While ad agencies’ use of trackers has enabled services to provide access to users free of charge, there is also a certain degree of “creepiness” in the way the current ecosystem works that has also been highlighted in the US congress [12]. Recent work [5] has even shown that government agencies can easily exploit trackers to spy on people. Privacy concerns have led to the creation of client side applications that block trackers and ads. For example, AdBlock [1] blocks trackers by filtering requests through a set of crowdsourced rules. Unfortunately, such lists are mostly opaque: there is no straight forward way to understand why a tracker was added to the list or to get a sense as to how trackers work on an individual or group basis, and users can be left out in the cold as evidenced by the recent sale of AdBlock to an undisclosed buyer who immediately enabled opting in to the “Acceptable Ads” program [14].

In the research community, several strategies for detecting and defending against trackers have been introduced [7, 10, 13]. Overall, these works focus on understanding the methods that trackers use in order to define techniques for obfuscating a user’s browsing behavior. However, these previous works are generally focused on lower level intricacies, e.g., how trackers fingerprint users or ensure that cookies persist even after users clean them.

In this paper, we take a different approach and attempt to characterize some more fundamental aspects of trackers. Our rationale is that user requests, e.g., accessing google.com, and requests to trackers, e.g., 3rd party request to doubleclick.net, can be represented as a bipartite graph from which we can derive unique tracker properties, allowing for the optimization and automation of the tracker detection problem.
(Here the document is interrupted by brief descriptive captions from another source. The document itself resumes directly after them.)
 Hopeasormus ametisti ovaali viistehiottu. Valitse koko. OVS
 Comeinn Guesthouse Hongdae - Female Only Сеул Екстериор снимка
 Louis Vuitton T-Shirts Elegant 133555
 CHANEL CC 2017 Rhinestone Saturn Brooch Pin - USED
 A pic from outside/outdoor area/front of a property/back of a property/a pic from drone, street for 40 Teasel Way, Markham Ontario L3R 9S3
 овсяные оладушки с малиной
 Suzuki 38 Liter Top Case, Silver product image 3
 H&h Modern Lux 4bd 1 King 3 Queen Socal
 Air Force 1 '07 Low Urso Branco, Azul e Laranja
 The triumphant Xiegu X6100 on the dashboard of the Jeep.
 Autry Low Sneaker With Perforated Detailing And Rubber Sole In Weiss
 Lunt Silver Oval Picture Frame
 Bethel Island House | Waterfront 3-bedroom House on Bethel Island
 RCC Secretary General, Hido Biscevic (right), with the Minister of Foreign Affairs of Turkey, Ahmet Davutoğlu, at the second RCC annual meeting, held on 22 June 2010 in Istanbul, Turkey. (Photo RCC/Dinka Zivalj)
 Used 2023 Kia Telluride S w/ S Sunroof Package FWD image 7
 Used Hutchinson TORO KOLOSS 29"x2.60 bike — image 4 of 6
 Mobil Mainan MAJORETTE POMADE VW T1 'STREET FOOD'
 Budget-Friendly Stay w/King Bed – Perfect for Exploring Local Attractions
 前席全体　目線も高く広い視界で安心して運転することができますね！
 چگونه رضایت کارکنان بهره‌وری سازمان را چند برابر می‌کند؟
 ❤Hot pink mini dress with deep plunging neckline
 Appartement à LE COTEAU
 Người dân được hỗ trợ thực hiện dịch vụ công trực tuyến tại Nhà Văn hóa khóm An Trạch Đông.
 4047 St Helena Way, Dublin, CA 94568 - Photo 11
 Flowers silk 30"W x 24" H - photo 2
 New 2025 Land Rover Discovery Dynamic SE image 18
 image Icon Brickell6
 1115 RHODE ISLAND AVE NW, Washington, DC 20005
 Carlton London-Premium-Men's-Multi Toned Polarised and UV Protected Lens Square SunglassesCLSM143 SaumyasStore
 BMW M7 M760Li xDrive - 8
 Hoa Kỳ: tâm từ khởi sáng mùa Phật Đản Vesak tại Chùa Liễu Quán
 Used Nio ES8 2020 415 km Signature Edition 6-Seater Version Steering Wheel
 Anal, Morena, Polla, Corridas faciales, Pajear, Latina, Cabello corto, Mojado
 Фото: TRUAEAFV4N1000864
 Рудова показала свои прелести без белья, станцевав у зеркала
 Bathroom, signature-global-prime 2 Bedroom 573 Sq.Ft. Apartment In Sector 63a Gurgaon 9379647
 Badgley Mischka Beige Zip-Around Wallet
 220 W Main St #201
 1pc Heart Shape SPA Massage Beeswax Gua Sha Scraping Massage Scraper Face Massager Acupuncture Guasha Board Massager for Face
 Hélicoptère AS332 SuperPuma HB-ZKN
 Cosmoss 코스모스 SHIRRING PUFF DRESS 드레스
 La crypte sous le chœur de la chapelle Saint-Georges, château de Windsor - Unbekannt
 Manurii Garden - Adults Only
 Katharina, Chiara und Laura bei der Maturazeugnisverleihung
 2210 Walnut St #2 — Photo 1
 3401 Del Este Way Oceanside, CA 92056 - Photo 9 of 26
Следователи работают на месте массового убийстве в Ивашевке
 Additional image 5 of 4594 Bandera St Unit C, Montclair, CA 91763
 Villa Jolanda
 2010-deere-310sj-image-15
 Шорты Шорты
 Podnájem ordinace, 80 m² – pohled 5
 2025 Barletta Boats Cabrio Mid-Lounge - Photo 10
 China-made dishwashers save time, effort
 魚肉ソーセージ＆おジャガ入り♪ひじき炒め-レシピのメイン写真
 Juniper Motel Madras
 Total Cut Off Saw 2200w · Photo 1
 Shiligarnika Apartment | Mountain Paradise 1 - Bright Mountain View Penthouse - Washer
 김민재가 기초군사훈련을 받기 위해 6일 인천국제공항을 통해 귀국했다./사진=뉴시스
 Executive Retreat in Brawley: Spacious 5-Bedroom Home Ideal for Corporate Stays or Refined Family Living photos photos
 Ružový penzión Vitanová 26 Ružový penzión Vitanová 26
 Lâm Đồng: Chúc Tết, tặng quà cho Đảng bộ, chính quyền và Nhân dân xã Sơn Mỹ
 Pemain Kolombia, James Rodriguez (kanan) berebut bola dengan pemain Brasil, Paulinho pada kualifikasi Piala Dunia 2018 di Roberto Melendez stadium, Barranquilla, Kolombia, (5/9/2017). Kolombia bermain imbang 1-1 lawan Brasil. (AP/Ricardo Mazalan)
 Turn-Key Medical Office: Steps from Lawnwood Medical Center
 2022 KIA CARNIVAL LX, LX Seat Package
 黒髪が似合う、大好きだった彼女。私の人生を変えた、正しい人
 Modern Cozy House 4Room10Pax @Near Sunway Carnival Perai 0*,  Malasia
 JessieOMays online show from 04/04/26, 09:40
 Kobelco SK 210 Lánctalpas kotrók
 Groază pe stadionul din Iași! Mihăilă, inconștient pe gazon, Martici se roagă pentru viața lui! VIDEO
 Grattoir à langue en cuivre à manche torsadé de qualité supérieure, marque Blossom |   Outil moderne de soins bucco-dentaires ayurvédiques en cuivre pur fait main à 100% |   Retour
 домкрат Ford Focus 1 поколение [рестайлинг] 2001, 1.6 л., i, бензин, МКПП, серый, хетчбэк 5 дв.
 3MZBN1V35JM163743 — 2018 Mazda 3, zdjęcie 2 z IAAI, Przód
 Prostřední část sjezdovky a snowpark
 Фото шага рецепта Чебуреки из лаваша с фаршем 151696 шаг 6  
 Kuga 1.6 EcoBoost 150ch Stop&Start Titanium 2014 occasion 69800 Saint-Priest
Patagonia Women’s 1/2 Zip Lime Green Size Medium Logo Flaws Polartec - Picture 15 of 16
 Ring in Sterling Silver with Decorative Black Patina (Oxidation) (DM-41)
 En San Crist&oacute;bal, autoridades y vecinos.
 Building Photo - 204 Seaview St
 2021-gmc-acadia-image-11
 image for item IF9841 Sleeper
This work makes several contributions.

  1. 1.

    We model user browsing as a 2-mode graph using 6 months (November 2014–April 2015) of traffic logs from an explicit web proxy. By analyzing this graph, we discover that trackers are very well connected: 94 % appear in the largest connected component of the graph.

  2. 2.

    We explore the communities trackers form by inducing a 1-mode projection of the 2-mode browsing graph. We find that trackers form very well-defined communities that distinguish them from regular URLs.

  3. 3.

    We show that the 1-mode projection graph is a useful tool to automatically classify trackers with high precision and very low false positive rate. More importantly, using the projection graph for tracker detection is very robust to evasion since it captures a fundamental necessity of the tracking ecosystem: presence of trackers on multiple sites, and presence of multiple trackers on the same site, which allows publishers to better monetize ad display through real time bidding. Changing such a behavior would limit the efficiency of tracking as a whole.

2 Background and Dataset

Trackers enable targeted advertising and personalization services by monitoring user behavior on the web. To understand web tracking, let us consider what happens in the browser when a user visits a URL. First, the browser issues an HTTP request to the site to fetch the contents of the web page. The response contains the page resources, including HTML, and references to embedded objects like images and scripts. These references might then instruct the browser to make additional HTTP requests (e.g., for the image itself) until the page is fully loaded. Embedded objects can be hosted on different servers than the page content itself, in which case they are referred to as third-party objects. A fraction of these third-party objects open connections to trackers, e.g., the popular Facebook “like” button, at which point the users’ online whereabouts are logged for targeting/personalization purposes.

2.1 Dataset

Our dataset is derived from 6 months (November 2014–April 2015) of traffic logs from an explicit web proxy. The proxy is operated by a major telecom located in a large European country. Our data is delivered to us in the form of augmented Apache logs. The logs include fields to identify the user that made the access, the URL that was requested, headers, performance information like latency and bytes delivered. We call this dataset the proxy log, and in total it represents 80 million accesses to 2 million individual sites. In the following section, we describe how we use the proxy log to model web tracking as a graph problem. We label URLs in our dataset as tracker or other based on ground truth derived from the EasyPrivacy list for AdBlock [3].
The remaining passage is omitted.